Global demand for premium foods like wagyu beef, bluefin tuna and caviar has plunged with thousands of restaurants shuttered and many economies sliding into recession amid the coronavirus pandemic.
As strict lockdown measures to contain the outbreak ravage global economic activity, the luxury food industry could be among the worst hit since it heavily relies on restaurants and top hotels for demand for deluxe items, from caviar to champagne.
While some gourmet food producers are selling to consumers directly to stay afloat, others have been forced to cut output as some products have lost nearly half their value since the start of the year.
Bookings data compiled by OpenTable, an online restaurant reservation service, showed a near 80 percent year-on-year decline in seated diners at restaurants in the US, United Kingdom, Germany, Canada, Australia, Ireland and Mexico this year.
People are also less likely to consume luxury foods when stuck at home in the middle of a health crisis and worried about their financial situation, or under clinical social distancing measures as eateries reopen.

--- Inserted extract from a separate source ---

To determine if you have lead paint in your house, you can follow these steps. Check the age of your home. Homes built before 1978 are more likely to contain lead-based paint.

Premium foods was one of the worst-hit sectors worldwide. Falling demand has already taken a toll on the prices of luxury items. In Tokyo, the price of top quality wagyu beef cuts has fallen about 30 percent from a year earlier. Bluefin tuna – considered the best in Japan – has dropped more than 40 percent over that period, while prices of the famed ‘Earl’s melons’ from Shizuoka have slumped 30 percent.

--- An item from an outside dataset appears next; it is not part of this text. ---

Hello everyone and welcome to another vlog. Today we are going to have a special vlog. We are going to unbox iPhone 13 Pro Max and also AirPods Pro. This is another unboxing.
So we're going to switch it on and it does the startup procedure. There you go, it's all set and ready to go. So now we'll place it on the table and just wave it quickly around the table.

Russian Caviar House, Russia’s top sturgeon breeding company, meanwhile was offering a 30 percent discount for Beluga hybrid caviar. In France, caviar prices languished near historic lows, champagne sales tumbled, while foie gras producers have had to cut output to prop up prices. Cifog, a foie gras producers’ group, said restaurants account for 40 percent of total foie gras sales.

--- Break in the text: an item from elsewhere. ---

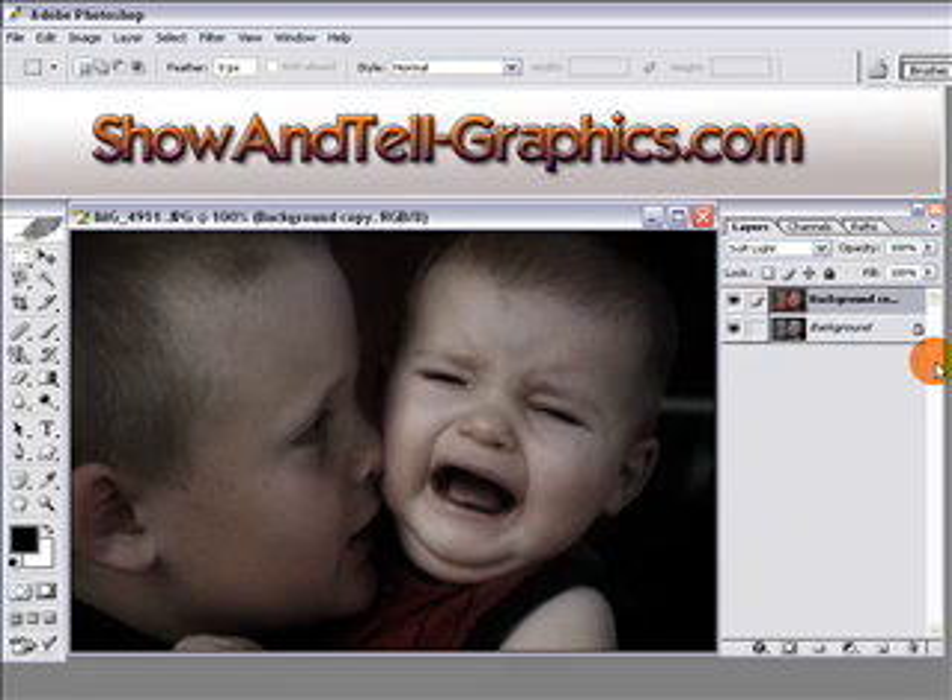Right away you have almost a picture that looks like it came from a historic era — it's kind of cool looking. Very subdued and black-and-white with just a little bit of color coming through.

To plug the deep gap left by eateries, many high-end food producers are attempting to reach consumers directly via e-commerce platforms. Others are steering more products onto supermarket shelves. But some vendors say selling to supermarkets is far less profitable than selling to high-end restaurants.
In Japan, top sushi chefs pay 400,000 yen ($3,737.97) for 10kg of the best cuts of tuna compared to the 25,000 yen paid by supermarkets for 10kg of lower value cuts. The best part of the tuna was usually sold first to high-end sushi restaurants, but when these closed, the harakami tuna had nowhere to go. They eventually started offering high-quality tuna to fish retailers and supermarkets.